Research on MPs has mainly been conducted in the marine environment, and there is still insufficient research on MPs in the terrestrial environment, particularly in soil conditions. The study of MPs in soil began by examining the impact of plastic pollution caused by littering, plastic waste dumping, and the improper management of landfills. Geyer et al. (2017) reported that only 21% of plastics were recycled by reuse and incineration, whereas the remaining 79% were landfilled or dumped [7]. The dumping of waste in landfills, industrial manufacturing, and the development of agricultural technologies are all related to the release of primary and secondary MPs. In addition, since plastic waste can have a physical and chemical effect on soil, there is an urgent need to investigate the impact of plastic on the soil.

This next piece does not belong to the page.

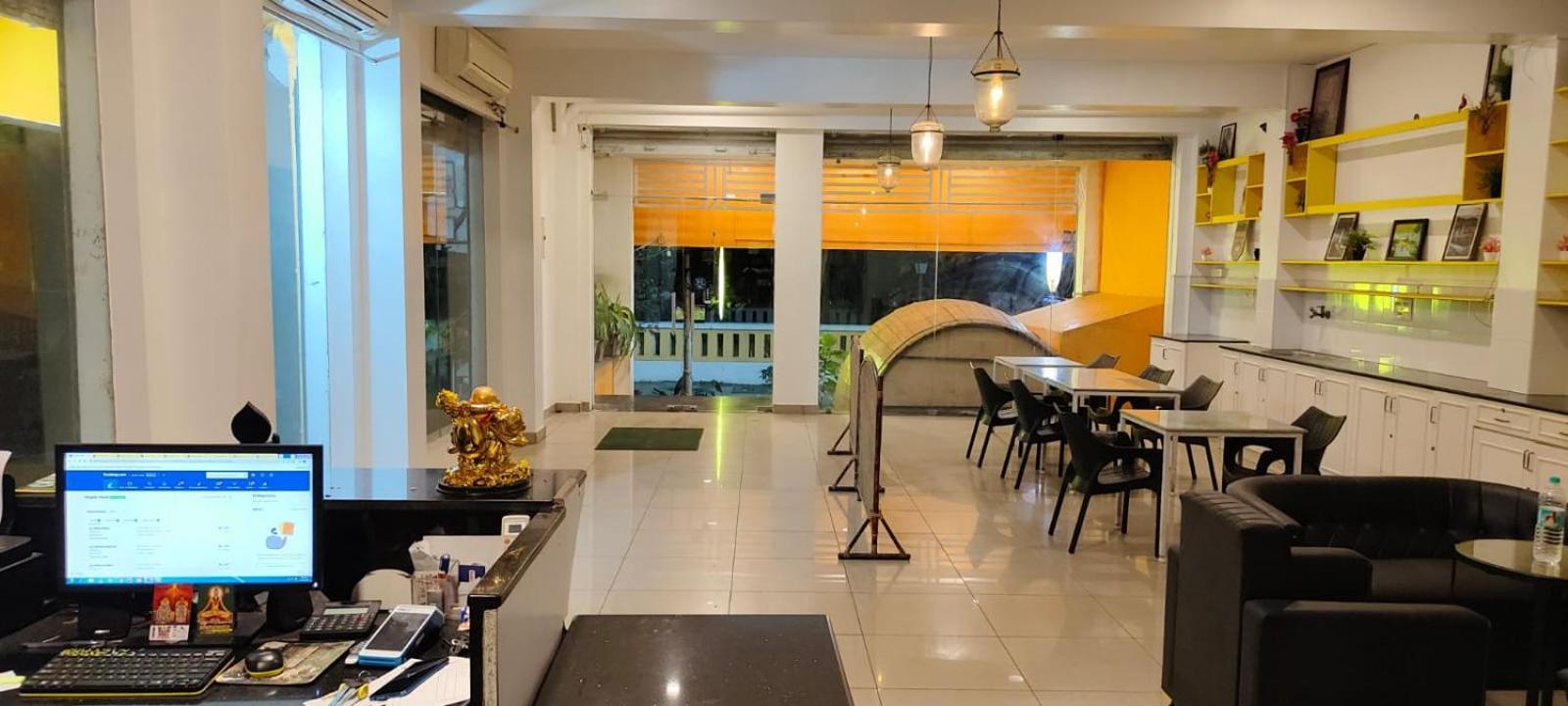 Chaplin Hotel Ποντισερί Εξωτερικό φωτογραφία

As an entity, soil provides various services such as the nutrient cycle, carbon sequestration, and biodiversity promotion [8,9]. MPs have caused several side effects on soil functions, structure, and groundwater systems. MPs in soil contain plastic additives, heavy metals, and organic contaminants, which have had several side effects on soil density, structure, nutritional status, and the groundwater system [10,11]. Such MPs may be absorbed by plant roots or animals like earthworms and insects, even reaching humans and affecting MPs’ intake rate. The main sources of plastic pollution in the soil environment are soil conditioners, mulch film, the use or overflow of contaminated irrigation water, landfills, garbage dumping, and pollution from the atmosphere. Recently, soil pollution by MPs has been related to the use of sewage sludge from wastewater treatment plants as agricultural fertilizer, which is emerging as a major source of microplastic pollution in the agricultural soil environment [12,13]. Weithmann et al. (2018) identified 146 MPs(ea)/kg (size: 1 mm to 5 mm) in dry compost based on household waste [14]. Bläsing and Amelung (2018) estimated that between 0.08 and 6.3 kg/ha of MPs would accumulate in the soil each year under the recommended compost application rate of 30 to 35 ton/ha per year [15]. Meanwhile, 40% of the total sewage sludge production in Europe and North America is used in agriculture [16]. The EU 86/278/EEC and Code 503 regulations in Europe and the United States restrict land use due to the possibility of hazardous substances in sewage sludge, but plastics are not included in the restricted (regulated) hazardous substances [17]. MPs exposed to the surface are regenerated into further MPs or nanoplastics that become reduced in size through the weathering process; they can reach the soil and groundwater environment from the soil layer to the groundwater aquifer [18]. In particular, an agricultural mulching film made of biodegradable LDPE material has a shorter biodegradation period than general plastics; therefore, it is broken into small particles, and there is a risk of soil and groundwater microplastic contamination [19].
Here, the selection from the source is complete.